June 2, 2026
This little piggy sparked outrage
The way we treat pigs is a sin
Readers are furious over pig ‘torture cages’ and roasting Congress for even thinking about protecting them
TLDR: The article says millions of pigs are kept in tiny crates for most of their lives, and a federal bill could make it harder for states to fight that. Commenters were furious, with many calling it torture, urging veganism, and mocking the politics with sharp one-liners.
The internet did not take this one quietly. Noah Smith’s piece calls pig crating a flat-out moral horror: millions of female pigs in factory farms spend most of their lives in cages so small they can’t even turn around, often standing or lying in their own waste. He argues this isn’t just bad farming — it’s torture — and commenters basically stormed in yelling, “Yes, obviously, and why are we still doing this?”
The strongest reactions were raw and personal. One commenter said pigs are among the smartest animals and there’s no real human need for pork, just habit and taste. Another went full life-change testimony, saying Peter Singer’s Animal Liberation helped turn them vegetarian 15 years ago. And then came the classic comment-section shove: one reader questioned the article’s economics around vegetarianism, arguing meat demand doesn’t work that simply and ending with the internet equivalent of grabbing you by the shoulders and shouting, “Go ahead, become vegan! You already know you should!”
But of course, this being the internet, the policy angle turned into drama too. A proposed federal bill nicknamed the Save Our Bacon Act drew eye-rolls and sarcasm because it could stop states from banning meat based on how animals were raised elsewhere. That triggered a mini constitutional cage match over whether one state should be able to shape another state’s rules. The funniest jab?

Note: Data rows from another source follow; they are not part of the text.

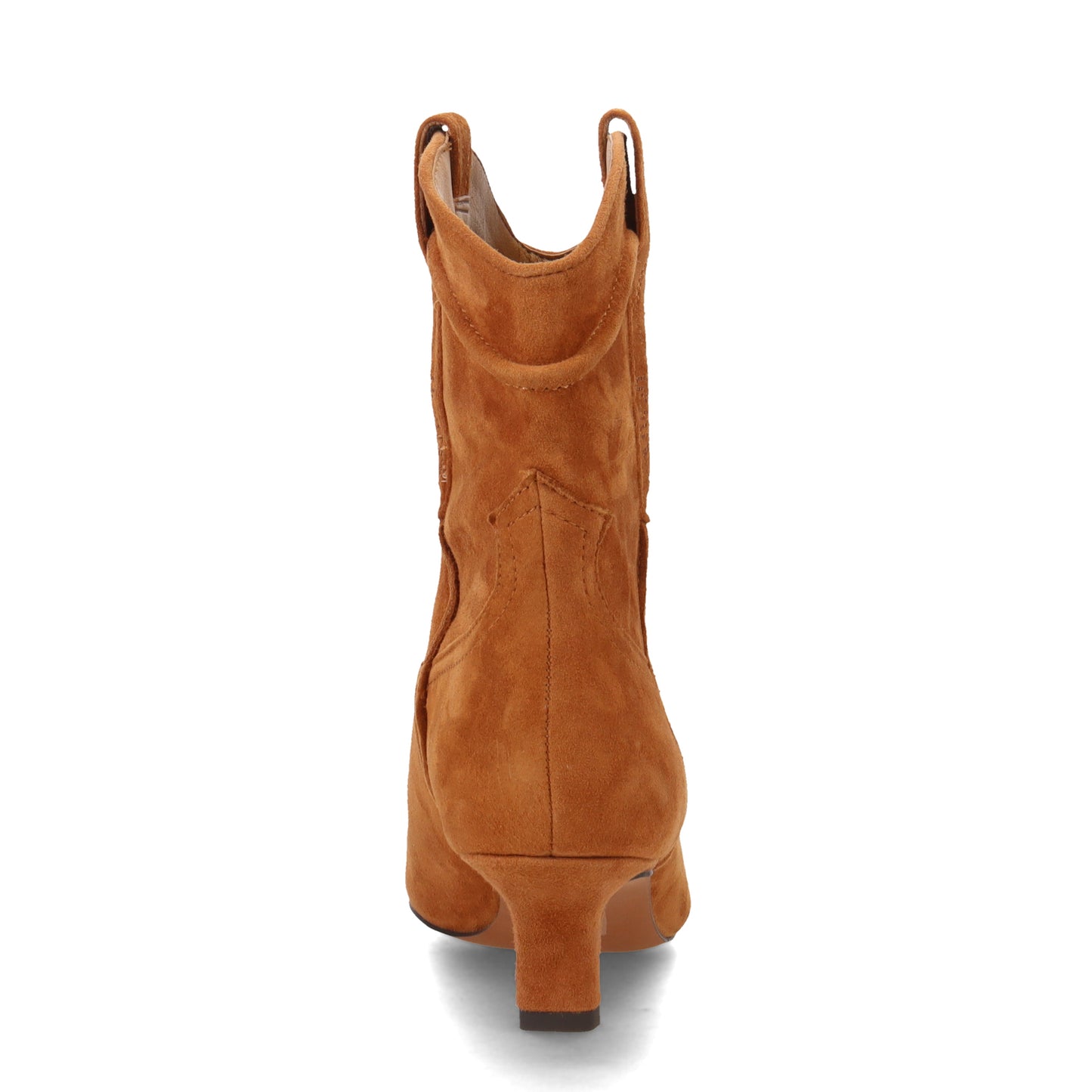 Peltz Shoes Women's Sam Edelman Taryn Boot BROWN I2572L2200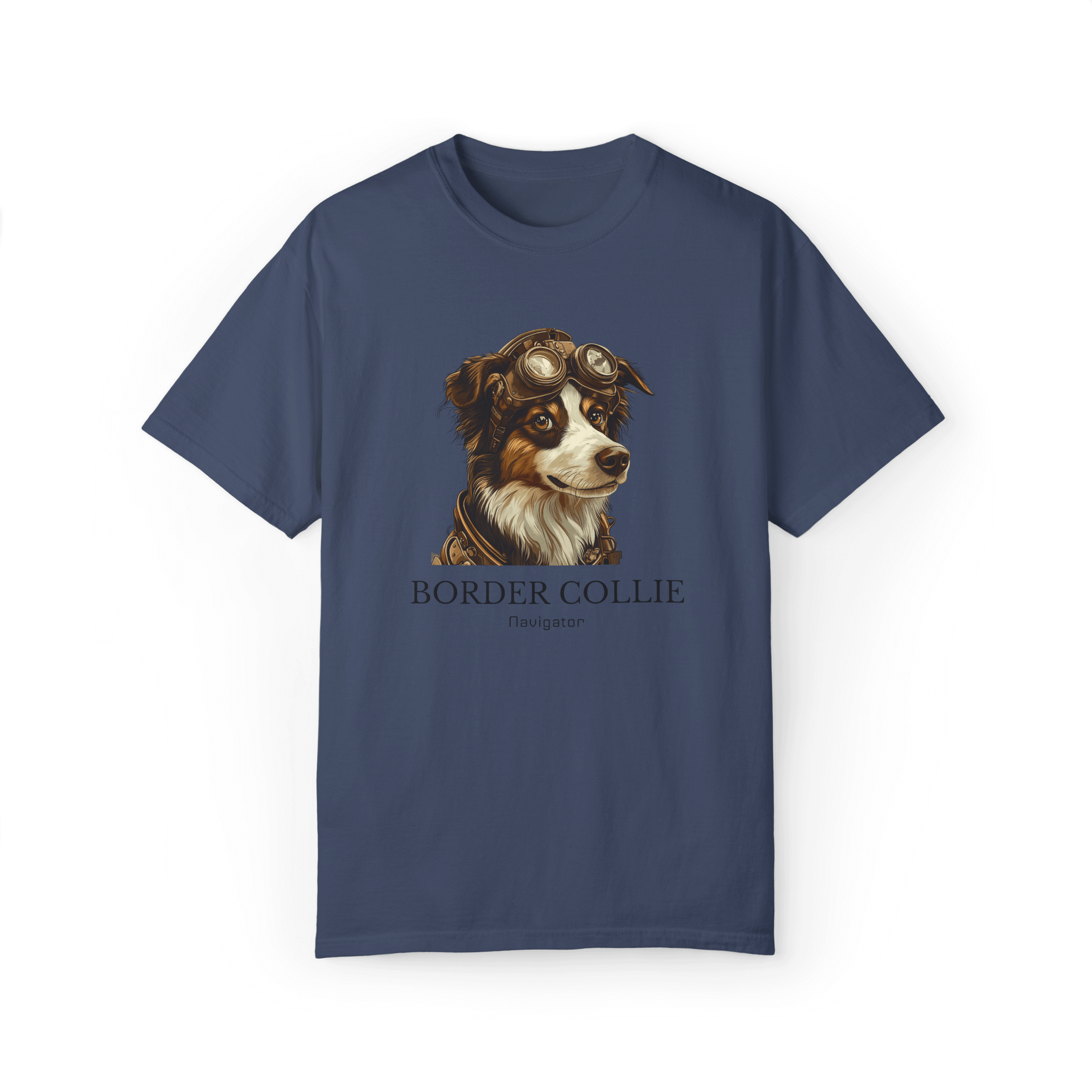 Border Collie Navigator T-shirt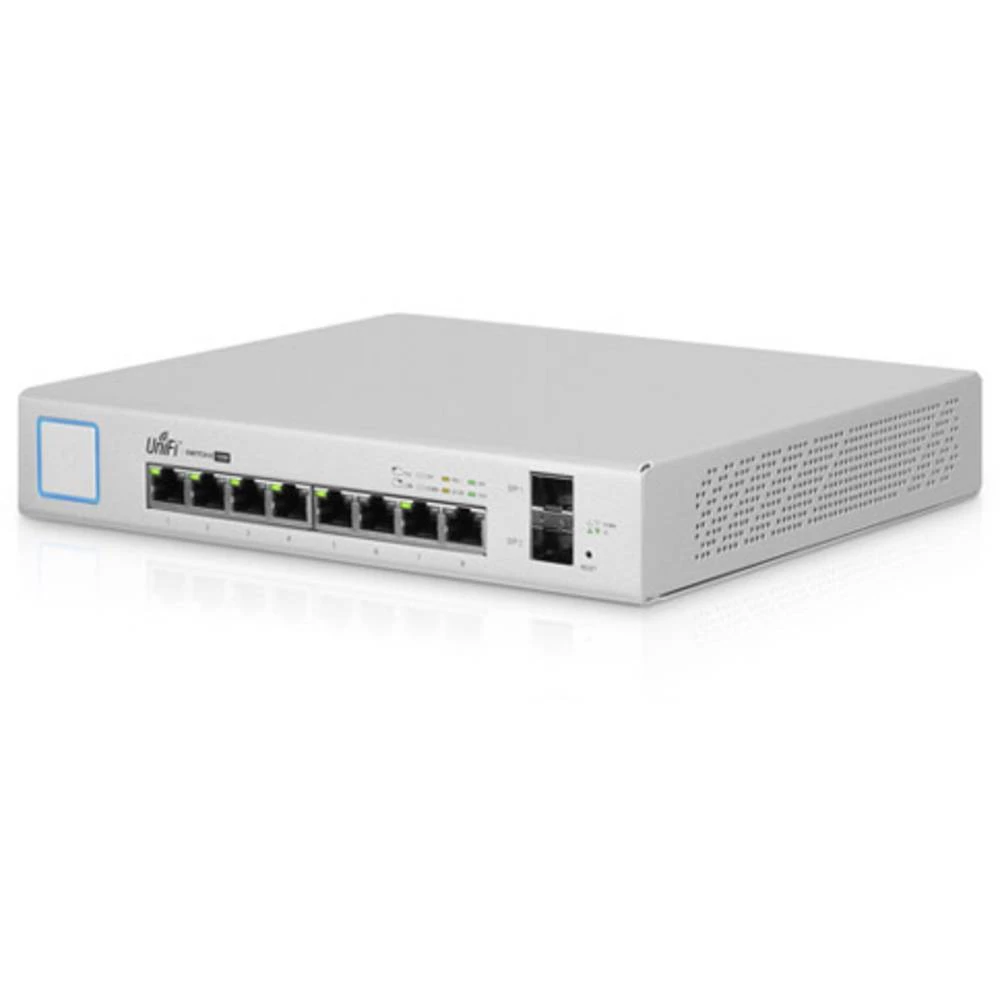 Mrežni preklopnik Ubiquiti US-8-150W 8 + 2 ulaza PoE funkcija slika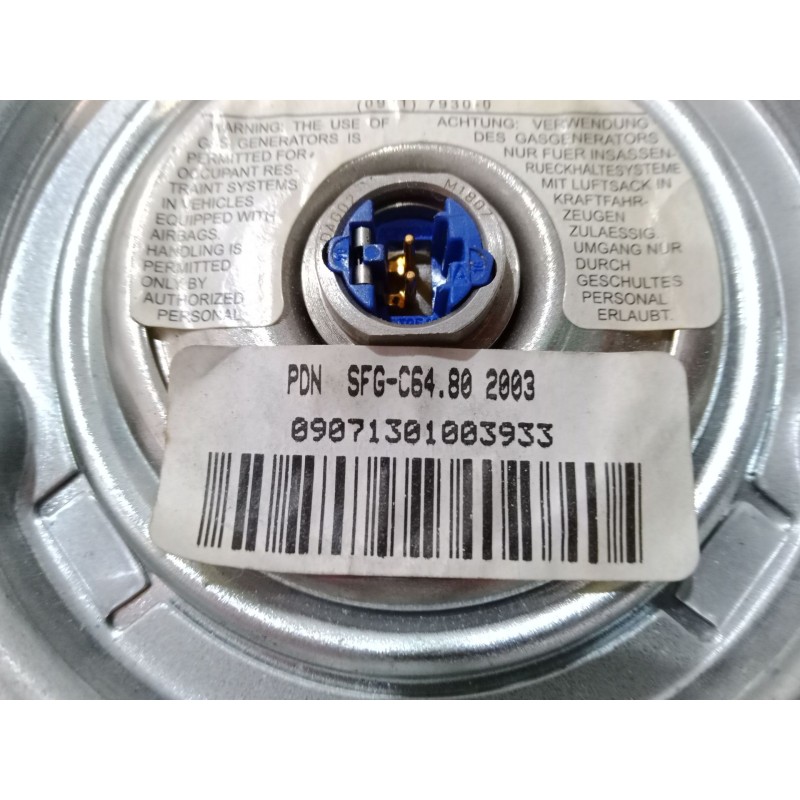Recambio de airbag volante para volkswagen polo (9n_, 9a_) 1.4 16v referencia OEM IAM SFG-C64.802003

A dry little grenade of a comment: “State’s rights, amirite.” Brutal, bleak, and very online.
Key Points
- •The article states that 73 million pigs in the United States are kept in concentrated animal feeding operations, or factory farms.
- •It says female pigs are commonly confined in gestation crates during pregnancy and farrowing crates while nursing.
- •According to the article, these crates are so restrictive that sows cannot turn around and may spend most of their lives in them.
- •The article cites research indicating pigs are social animals that exhibit emotional contagion and may be as smart as or smarter than dogs.
- •It describes confinement-related behaviors and practices such as bar-biting and tail docking, and presents the system as a moral problem tied to pork consumption.